=== Recorded data ===
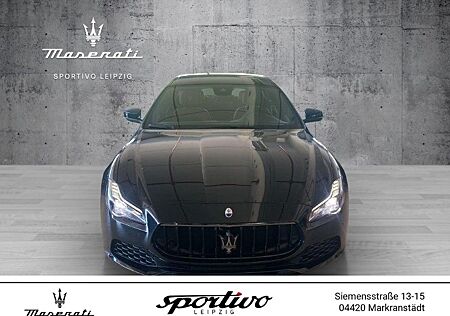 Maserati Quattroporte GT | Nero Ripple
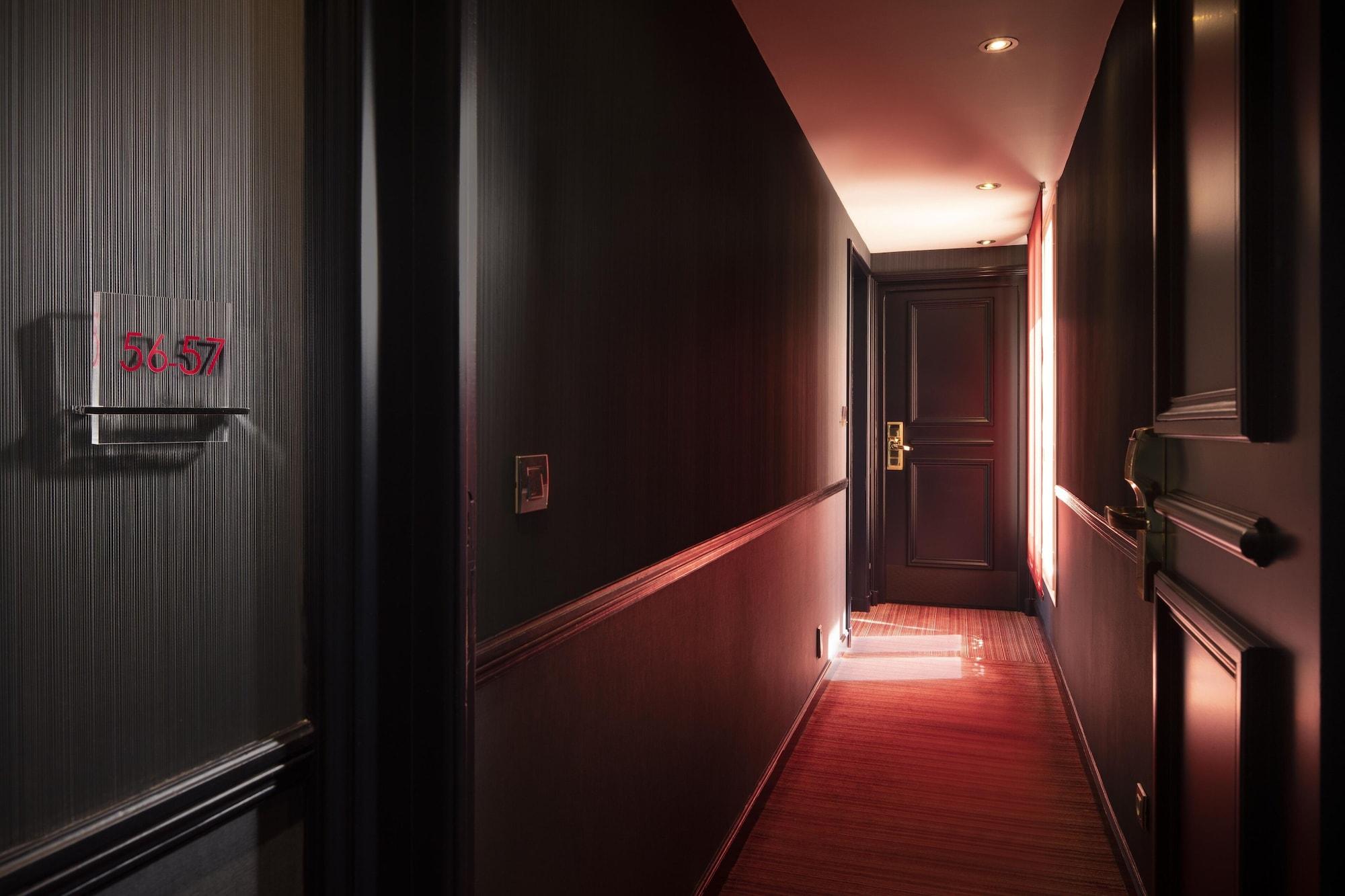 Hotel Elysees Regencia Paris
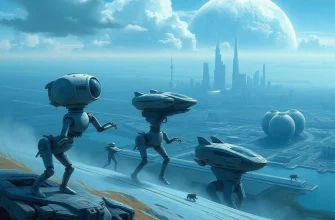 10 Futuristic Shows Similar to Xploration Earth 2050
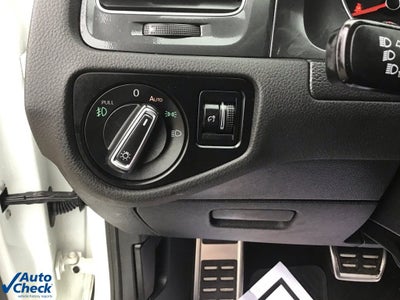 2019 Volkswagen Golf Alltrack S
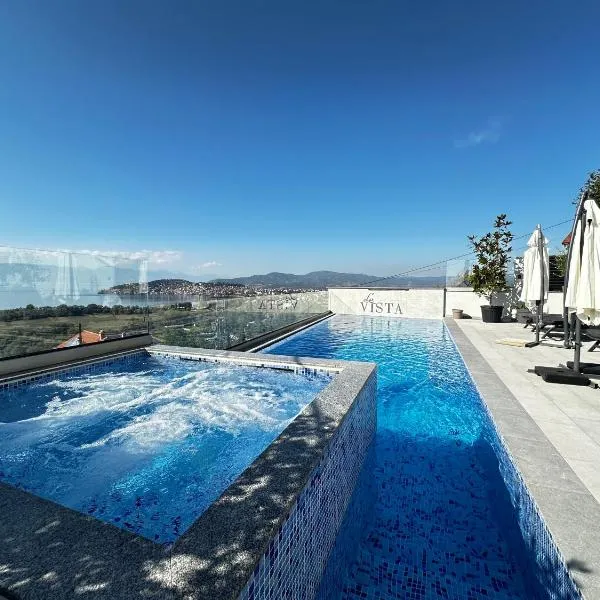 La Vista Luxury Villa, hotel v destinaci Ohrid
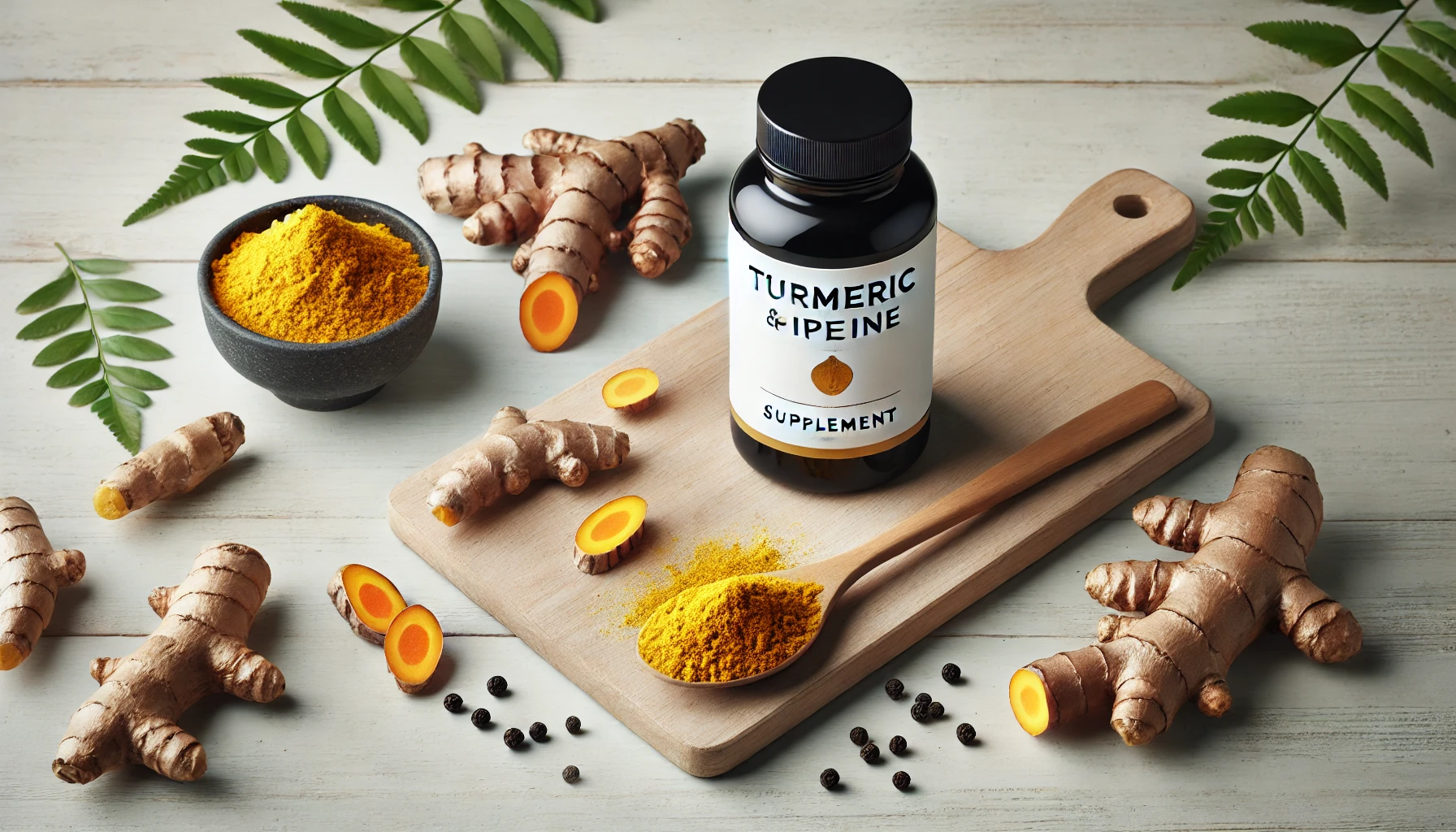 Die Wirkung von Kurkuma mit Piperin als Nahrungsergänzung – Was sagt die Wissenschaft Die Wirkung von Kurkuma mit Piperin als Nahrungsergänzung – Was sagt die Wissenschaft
--
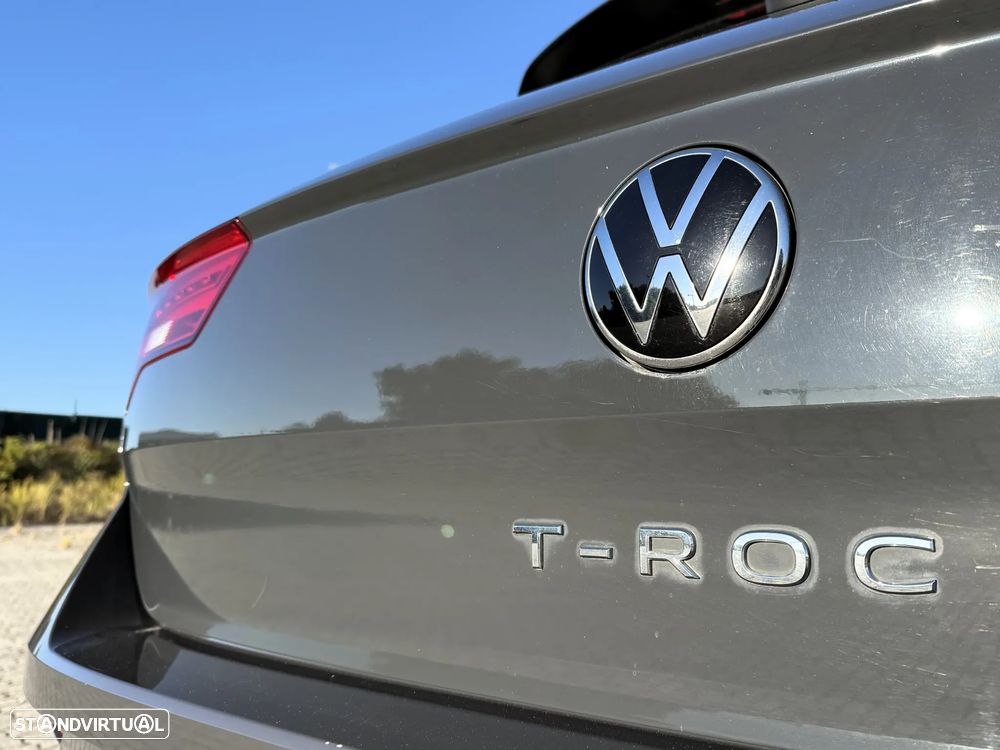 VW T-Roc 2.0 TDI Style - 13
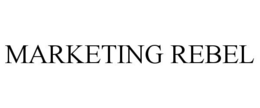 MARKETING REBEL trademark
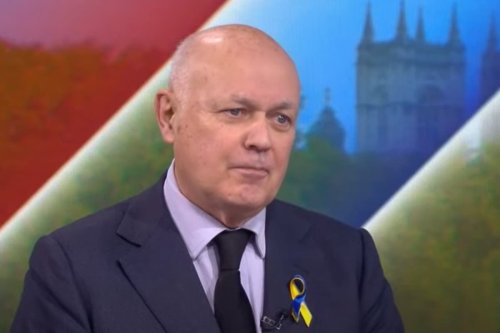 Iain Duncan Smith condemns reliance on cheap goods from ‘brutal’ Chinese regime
==
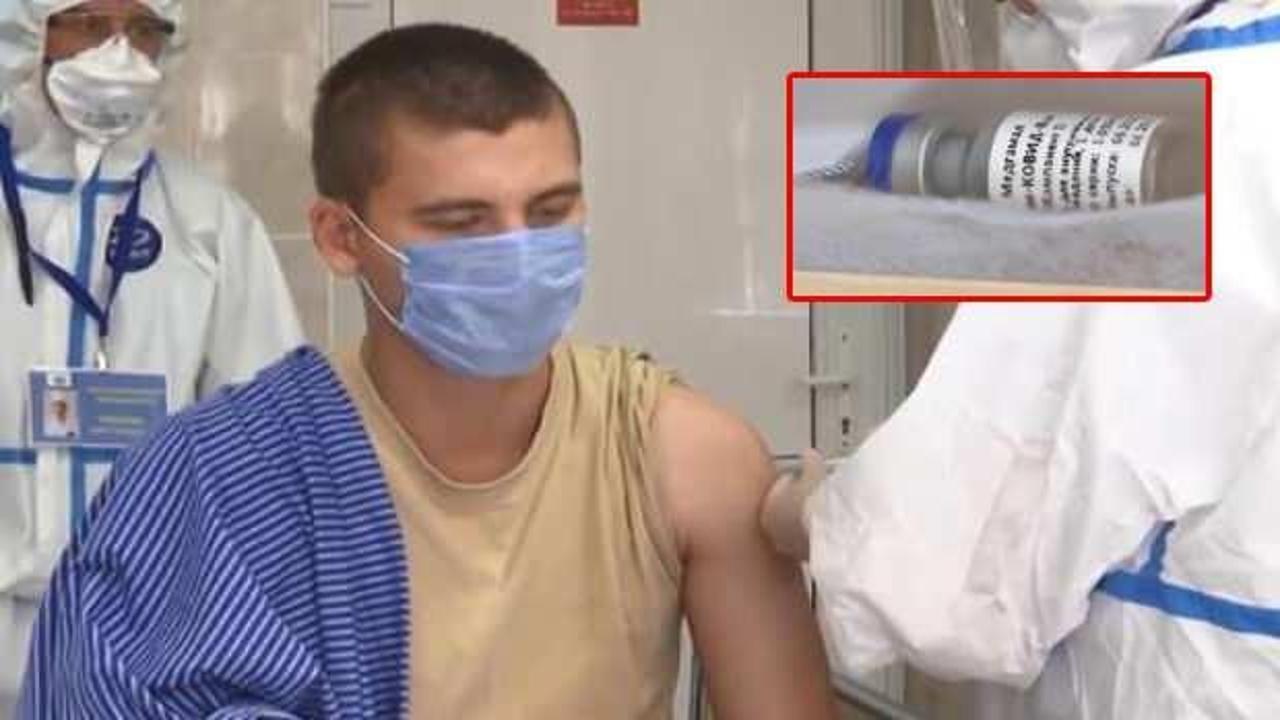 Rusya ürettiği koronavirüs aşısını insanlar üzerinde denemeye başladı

=== Your assignment ===
Starting at the line above with "Hotel Elysees Regencia Paris", output every line exactly up to and including the line with "die Wissenschaft Die", but none of the pictures.

=== Output below ===
 Hotel Elysees Regencia Paris
 10 Futuristic Shows Similar to Xploration Earth 2050
 2019 Volkswagen Golf Alltrack S
 La Vista Luxury Villa, hotel v destinaci Ohrid
 Die Wirkung von Kurkuma mit Piperin als Nahrungsergänzung – Was sagt die Wissenschaft Die Wirkung von Kurkuma mit Piperin als Nahrungsergänzung – Was sagt die Wissenschaft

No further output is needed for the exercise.